Osama (2003) Director: Siddaq Barmak
3 1/2 STARS
“Osama,” was the first movie to be made in Afghanistan in the post-Taliban era, and it won the Golden Globe for Best Foreign Language film. I remember that clearly, because it was the worst edited moment at an Awards show until the Emmys on FOX a couple years later when they cut to an overhead shot whenever Sally Field said something intelligent and thoughtful. Clearly the director of the Awards show hadn’t seen the movie or heard what the film was about. It’s about a young girl who during Taliban rule, after her father is passed, is forced to disguise herself as a boy so that she can get work and support her mother. The story itself is kind of slow-moving and predictable, but what I found interesting was the glimpses we get of like in Afghanistan, under Taliban rule. They have a presence in the everyday rules they enforced, like the ridiculous, to quote Bill Mahar, “beekeeper suits”, they force the women to live in, but mostly, the actual people seem to show out of nowhere.
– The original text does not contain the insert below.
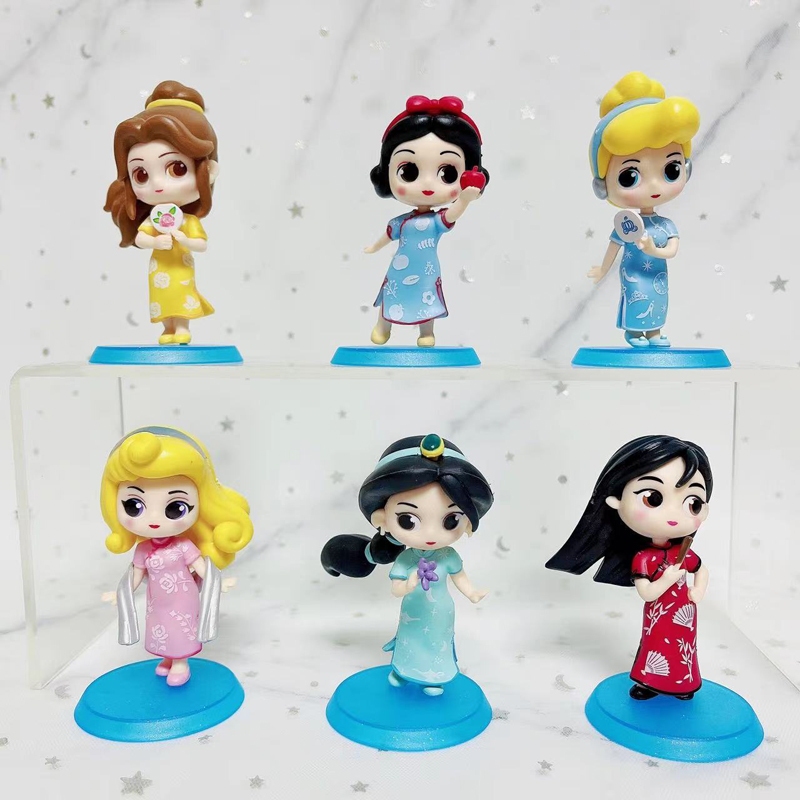 6Pcs Set 9cm Disney Princess Snow White Cinderella Jasmine Mulan Belle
Sometimes they come to fire at a protest and ‘cause more havoc and hell. Other times, they just come down and pass out turbans to schoolchildren. They don’t seem as much a repressive government religious force as a sudden outburst that interrupts the daily lives of the citizens, most of which seem to just want to go on with their daily life. It’s an interesting little piece for a country that hadn’t made a movie for over a decade, and hopefully they’ll be able to make more, but in generally, this isn’t a film that particularly stood out to me in any memorable way, outside of its cultural importance of it being made, but maybe that's just enough.